Les éléphants dans la brume
Tiniharu
Réalisation : Abinash Bikram Shah
Casting : Pushpa Thing Lama, Deepika Yadav, Jasmin Bishwokarma, Aliz Ghimire
Scénario : Abinash Bikram Shah
Récompenses : Festival de Cannes 2026 – Prix du jury Un certain regard
Type de film : Fiction
Pays : Nepal, France
Année : 2026
Durée : 103 mn
Version : VOST
Sortie nationale : 23/09/2026
La brume du titre de ce film magnifique ne cache pas seulement des pachydermes sauvages qui traversent les forêts du sud du Népal, elle enveloppe aussi toute une communauté, ses rites, ses secrets… Pour son premier long métrage, Abinash Bikram Shah nous plonge dans l’univers des kinnars, personnes transgenres reconnues par les traditions d’Asie du Sud depuis des lustres : vénérées autant que craintes pour leurs pouvoirs spirituels, pour leurs dons de bénédiction ou de malédiction, elles sont néanmoins encore largement rejetées par la société, qui les tolère à la marge de ses frontières, tout en prenant bien soin d’en verrouiller les échanges.
Au cœur de cette communauté, Pirati règne en matriarche sur une famille qui n’a rien de biologique : ici, les liens se tissent à coups de rituels, de transmission et de protection. Une famille choisie, vivante, joyeuse, parfois cruelle, traversée de contradictions et de désirs. Pirati dégage un tel charisme, incarne si naturellement la responsabilité envers sa famille qu’elle est pressentie pour devenir le prochain guru veillant sur la communauté aux abords du petit village de Thori. Mais Pirati est aussi une femme tiraillée par ses propres désirs, notamment pour ce musicien avec qui elle rêve de s’échapper vers l’anonymat de la grande ville.
Tout va basculer lorsqu’Apsara, une des filles de Pirati, disparaît au cours d’une battue nocturne organisée pour éloigner les éléphants. Dans le village, personne ne semble vraiment pressé de retrouver cette jeune femme kinnar. Une disparition de plus, presque une affaire administrative, comme si certaines vies pouvaient s’effacer sans bruit. Pirati refuse de lâcher, insiste, se heurte aux hommes du village comme aux policiers. Retrouver sa fille devient alors un acte politique : réclamer qu’une vie kinnar, aussi marginale soit elle, puisse être reconnue comme une vie qui compte…
Les éléphants de cette brumeuse forêt, vénérés tant qu’ils se tiennent dans leur milieu, redoutés dès qu’ils s’approchent des cultures, des hommes et des plaines, composent un miroir troublant de la communauté kinnar : eux aussi sont sanctifiés et indésirables, admirés et chassés, admis tant qu’ils restent à leur place, tant qu’ils ne franchissent pas les limites tacites que la société leur impose, tant qu’ils ne viennent pas bousculer l’ordre établi. Et ces éléphants, aussi sauvages et craints soient-ils, ne sont pas sans rappeler Ganesh, dieu de la sagesse, de l’intelligence et de la prudence, qui permet de surmonter les obstacles et grand protecteur des âmes vulnérables.

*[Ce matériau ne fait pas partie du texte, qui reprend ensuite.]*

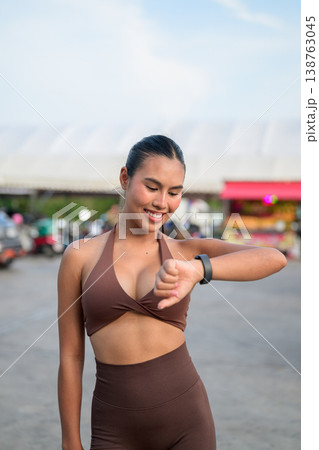 Thai Fitness Influencer Checking Smartwatch at Tropical Outdoor Market Modern Digital Lifestyle Concept 138763045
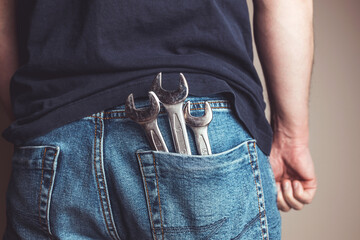 Man with wrenches in back pocket of his jeans. Ideal for industrial, mechanical, and DIY projects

Pourtant, pour son premier long métrage, Abinash Bikram Shah réussit le tour de force de ne pas transformer ses personnages en symboles, ces femmes vivent, s’aiment, se jalousent, se déchirent, se protègent. Leurs claquements de mains, loin de toute curiosité folklorique, deviennent tour à tour une langue de solidarité, de défi et de colère. Et le film navigue avec une liberté virtuose du drame social au polar, avec une pincée de conte mystique. La mise en scène accompagne ces tensions avec élégance. Les images font dialoguer la jungle noyée de brume avec des espaces urbains plus secs et menaçants. La nuit, les battues aux éléphants prennent des airs de cauchemar fantastique. Magnétique, Pushpa Thing Lama, actrice et militante népalaise, elle-même femme transgenre, est pour beaucoup dans cette alchimie. Sous ses yeux, le réel se trouble peu à peu : les frontières entre le sacré et le rejet, la famille et la solitude, la protection et la violence deviennent de plus en plus poreuses. Singulier, hypnotique, Les Éléphants dans la brume finit par brouiller les frontières qu’il s’attachait justement à questionner. La brume devient alors un espace de résistance : un territoire où celles et ceux qu’on voudrait invisibles retrouvent enfin une place.